I normally try to do this post right around new year, but I didn’t. I’m not sure if I was still trying to process everything that happened last year or if I was too busy trying to move on into 2023. Either way, here it is: my reflections on a roller coaster, gut wrenching year with many emotional highs and lows. This year brought me closer to some dreams and shattered others.
Roses
I accomplished many goals that I set for myself in 2022 and demonstrated that hard work (with a dose of spontaneity and flexibility) pays off:
- I graduated with my masters degree! This was one of the goals I set for myself in 2022.
- I got a paper accepted into one of the best robotics conferences: IEEE/RSJ International Conference on Intelligent Robots and Systems (IROS). All told, I completed grad school with 4 publications (2 first authors), 2 patent applications, and 1 conference talk. Not bad for 18 months work!
- I joined a robotics startup. I have dreamed of being part of a startup since 2013 and I am extremely excited to be able to take this leap and join an amazing new team.
- I travelled the country along the entirety of Route 66.
- I visited 11 national parks (Joshua Tree, Death Valley, Kings Canyon, Sequoyah, Yosemite, Pinnacles, Badlands, Wind Caves, Petrified Forest, Crater Lake, and Gateway Arch).
- I had a solid set of friends who supported me when I needed it and I am really grateful.
Thorns
I never enjoy making snap decisions under pressure, and I made some bad ones this year.

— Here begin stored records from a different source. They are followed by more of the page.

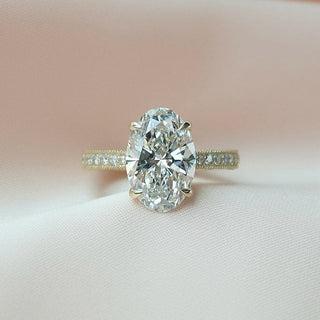 1.5-3.5 CT Oval Lab Grown Diamond Pave Engagement Ring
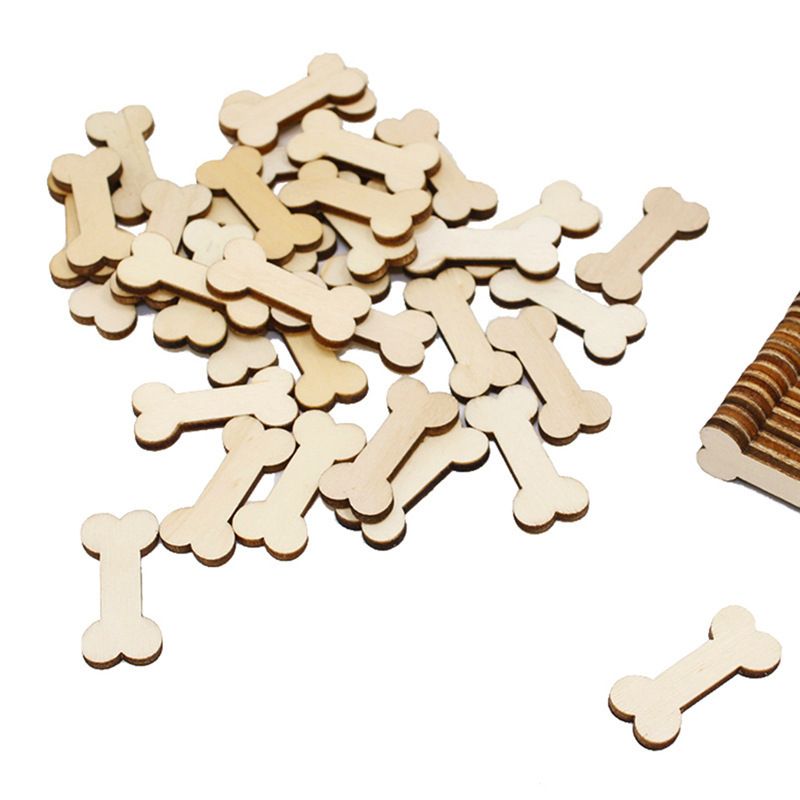 Wooden Crafts Dog Bone Hand-painted diy Accessories Photo Album Paste Home Decoration Small Crafts Ornaments Props_voghion.com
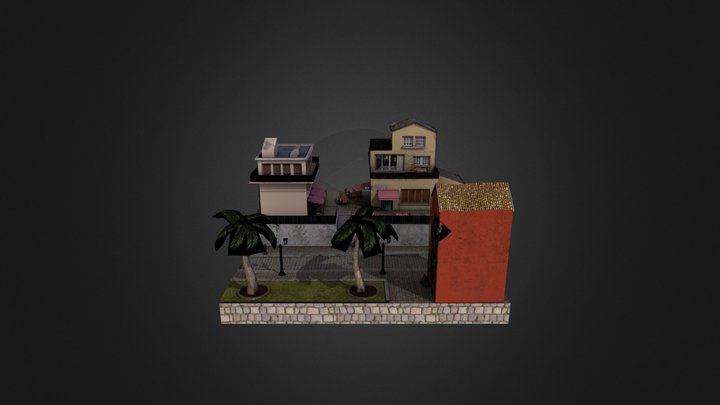 LowPoly CityScene - Joselito Verschaeve - 1DAE14 3D Model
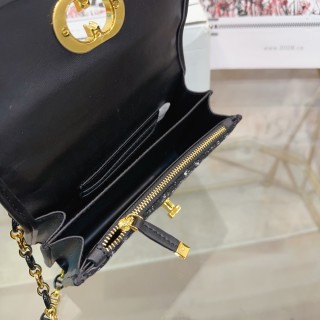 Dior Montaigne Chain Shoulder Bag Black Tweed view 9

My values were challenged and my ego bruised. I’m still not sure what the lasting impact of these events will be:
- My romantic life imploded and it hurt. I lurched forward too soon, I sent shrapnel everywhere, and had to pick up the pieces.

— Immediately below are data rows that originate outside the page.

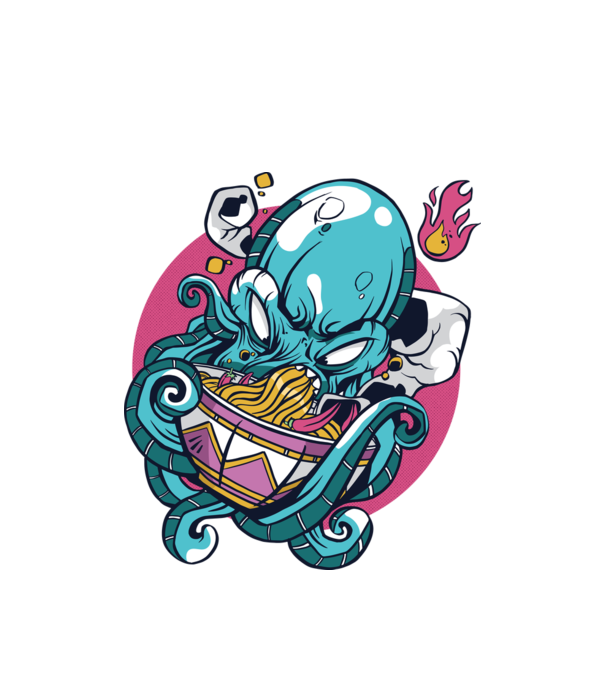 Octopus Ramen model alb pe tricou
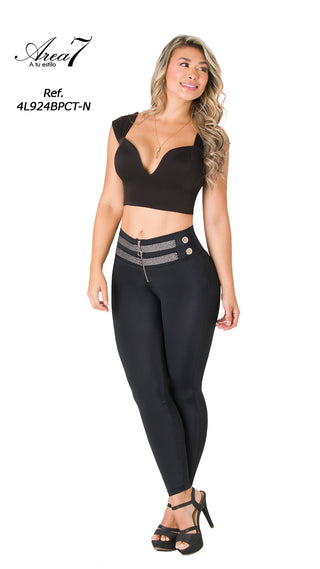 Legging faja interna cierre frontal Area7 4L924BPCT-N - Negro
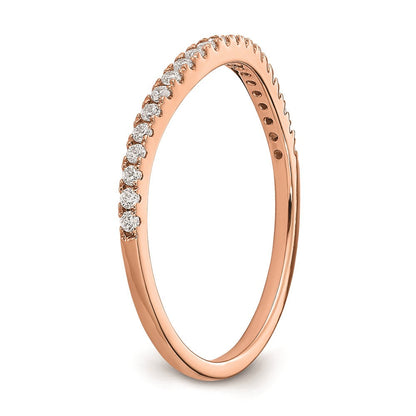 14K Roségold Ehering mit echten Diamanten, konturiert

- Family drama from 2012 resurfaced and it really hurt, too. Despite emotional manipulation and threats of physical violence, I reinforced my boundaries and decided to move forward by living the life I wanted to live.
- A cousin committed suicide. This came as a real shock and hit me doubly hard given the other family drama.
- My savings evaporated between a stock market slump and expenditures to transition out of grad school. The economic turmoil added to my stress and I felt pressure to make decisions quickly.
- I was rear ended in my first car crash, though all parties walked away without physical injuries.
- Throughout this roller coaster, I felt burnt out and used. Instead of leaning on friends for support, I disconnected and retreated into my shell.
- The loneliness from crumbling {romantic, friendly, and family} relationships sunk in deeply after moving 100’s of miles away from where I’ve lived for the past 20+ years.
Buds
Despite the turmoil, I made it through the year and am now focused on recharging, repairing, and rebuilding. This year (2023) is a new chapter with new beginnings.
- I look forward to focusing on myself and finding ways to improve my emotional health and physical fitness. Let’s see if I can keep my momentum going at the rock climbing gym!
- After finishing grad school and transitioning into a new field as a software engineer, I am excited about more professional development and career growth with a great new team.
- I overcorrected in establishing and setting my boundaries last year, and this year I want to focus on maintaining healthy relationships.
- I have plans to go backpacking with some friends in the Sierra Nevada Mountains later this year. Going on a big backpacking trip was one of the goals I missed last year, and I’m glad I have a crew ready to go this year.
- Assuming no major upsets, I am on track to finally be debt free by the end of this year!
- This is a year I will likely spend living in the moment while I set new goals for the next decade of my life. I can’t wait to see where that will take me.
So, here it is: my future! The journey down the rabbit hole continues.